Shown here is a breakdown of disabilities among Delaware students best served by teachers with advanced degrees in special education (US Department of Education):
- 8,765 students with a specific learning disability
- 1,604 students with an intellectual disability
- 1,486 students with a speech or language impediment
- 944 students on the autism spectrum
- 720 students with emotional disturbances
- 224 students with hearing impairment
- 59 students with visual impairments
- 59 students with traumatic brain injuries
- 59 students who are deaf and/or blind
Funding for special education comes mostly from state and local sources, with some federal funding mixed in as well. Districts receive grants from the state to pay for education based on their enrollment figures; schools with a higher percentage of special needs students are allocated more. The US Department of Labor reports that in 2015 special education teachers in kindergarten, elementary school, and secondary school earned a combined total of $84.1 million.
Fiscal year 2017’s education budget includes the following funds, part of which go towards funding special ed (source: Delaware Office of Management and Development):
- $76.4 million for public education projects
- $15.8 million to maintain classroom size
- $9.4 million for continuing projects that support access to early learning programs for low-income children
How Delaware is Supporting Students with Special Needs
Special education funding supports a wide range of important programs and accommodations that ensure students with unique needs have access to the same kind of quality education as any other student in the state. Delaware’s system of support is activated when a parent or teacher notices that a student is struggling in class. At this point they can request an official inquiry known as an Educational Evaluation.
An evaluation that involves a team of special education teachers with advanced degrees and experience, school staff, counselors, the student, the student’s parents, and additional experts, will look for underlying factors and determine if special education is the right solution.

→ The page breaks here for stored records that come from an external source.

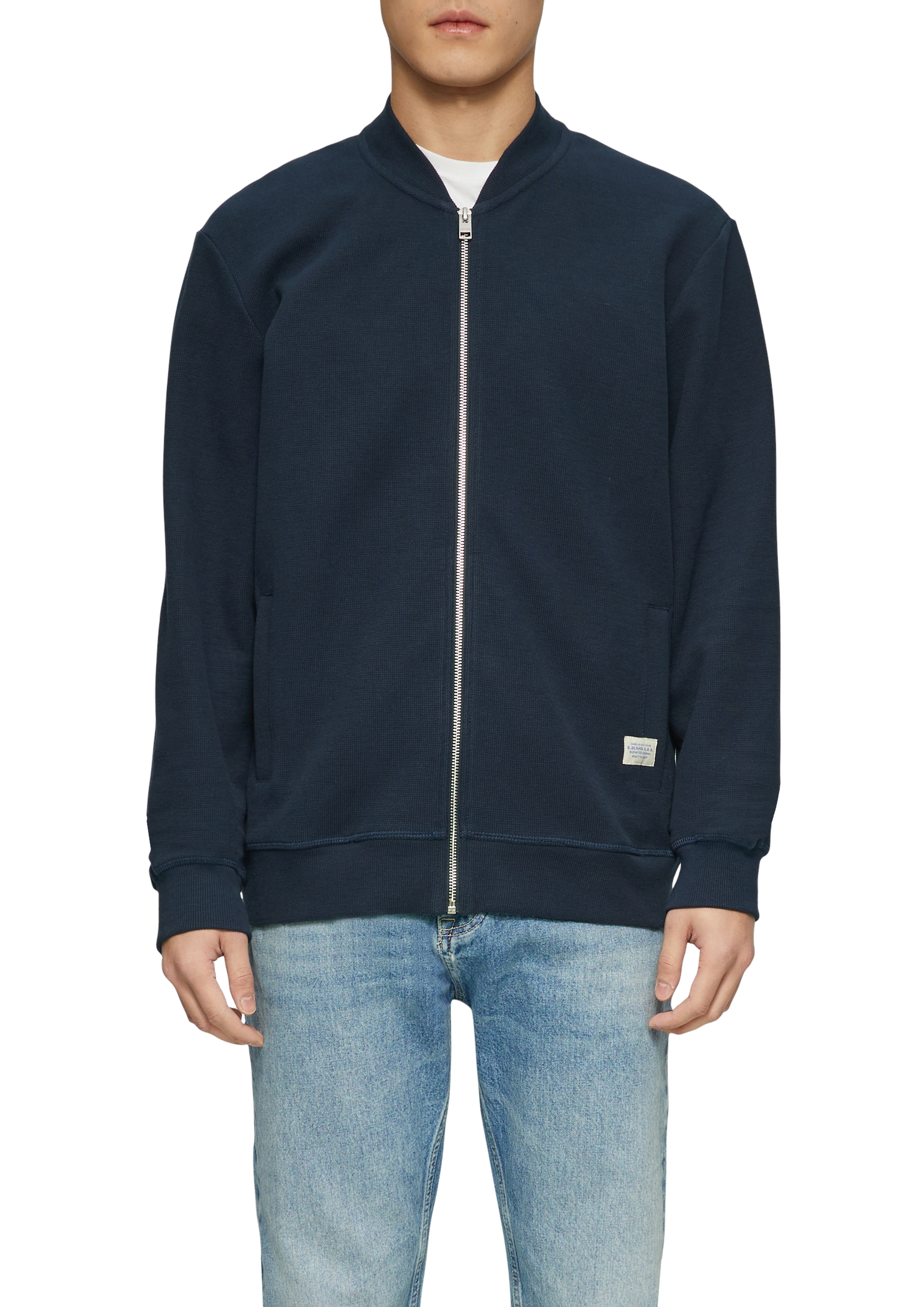 Sweatshirt Jacke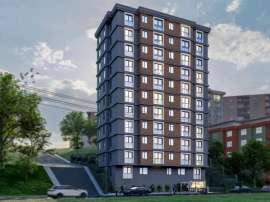 Apartment from the developer in Sisli, İstanbul - buy realty in Turkey - 65690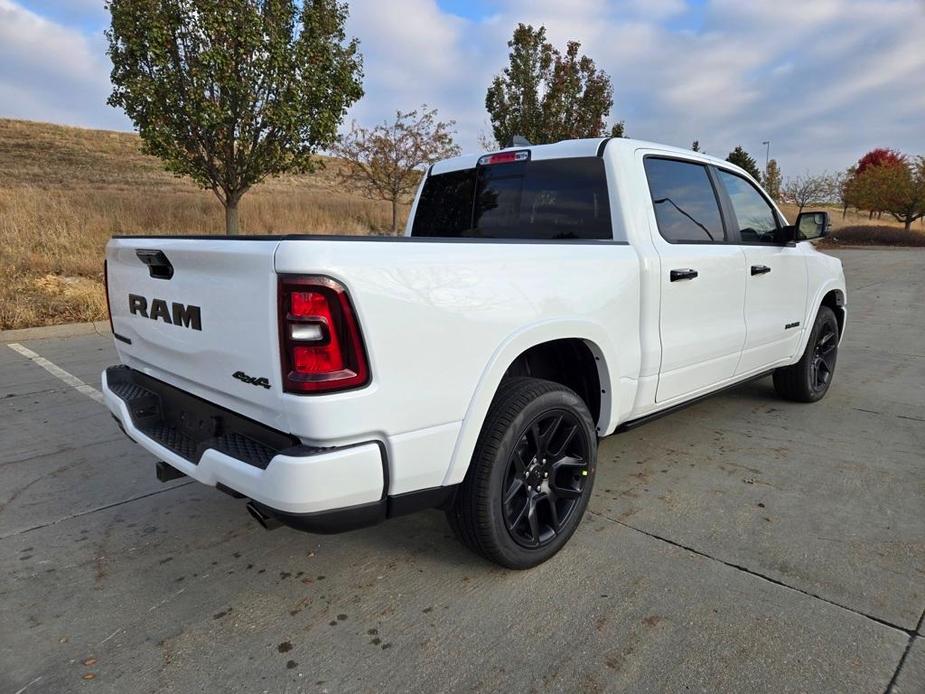 new 2025 Ram 1500 car, priced at $63,095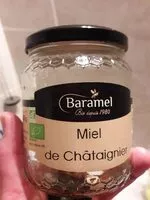 Mängden socker i Miel de châtaignier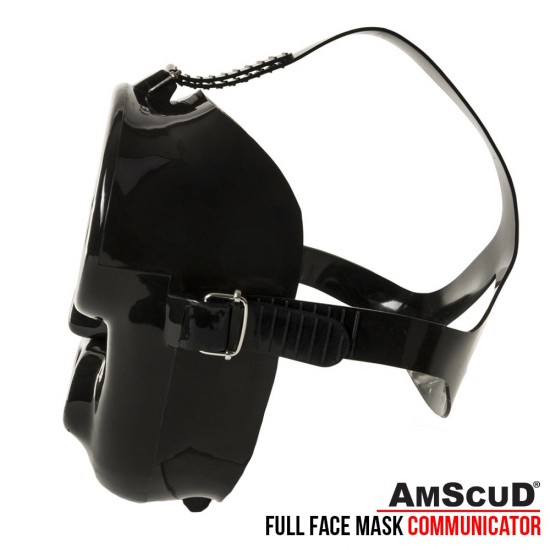 MASK AMSCUD COMMUNICATOR RUBBER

If the Education Evaluation results in the conclusion that special education is needed then the team will meet with the child, parents, and special education teachers to create an Individualized Education Program (IEP). An IEP details the special education resources the student can access, and can include any of the following:
- Use of assistive resources or technology
- One-on-one extra help or counseling from a special ed teacher in a general population classroom
- Individually focused teaching in a separate special education classroom
- Supplemental instruction in a separate classroom during the day, after school, or during the summer
- Transfer of the student to a different school that specializes in accommodating students with similar special needs
How Special Education Looks in Delaware Classrooms
To get a real sense of how special education looks on the ground we can take Wilmington’s Christina School District as an example. Students qualifying for special education here automatically get:
- Inclusive practices – this means that students with disabilities are educated with their non-disabled classmates to the greatest extent possible or appropriate
- Transition services – these are extra resources for students and their families that help with the transition between school and adult life
- Access to the REACH Program (realistic educational alternatives for children with disabilities) if needed – a separate school in Wilmington that provides comprehensive education for students with significant intellectual abilities aged five to 21 years old
- Access to the Delaware Autism Program at Brennen School in Newark, if needed – this is an entire school with master’s-prepared special education teachers who specialize in working with students on the autism spectrum
Students whose Individualized Education Program specifies extra assistance at their local school may find themselves in a similar situation to students at Bancroft Elementary School in Wilmington’s Trinity Vicinity neighborhood. Bancroft’s special education program serves students with special needs that include instruction in a separate classroom. Here students in grades K-2 will encounter language arts and mathematics teacher Kristin Roberts.
Roberts was inspired to get her master’s degree in elementary special education after helping her younger brother as he struggled with a learning disability throughout his school years. This gave her the opportunity to see what it was like to be a student with a disability firsthand. Through this experience she realized, “a teacher can make a life-changing impact on a child’s life.” Actively involved in promoting and improving the quality of special education and students’ lives at her school, Roberts earned the district’s 2016-2017 Teacher of the Year award.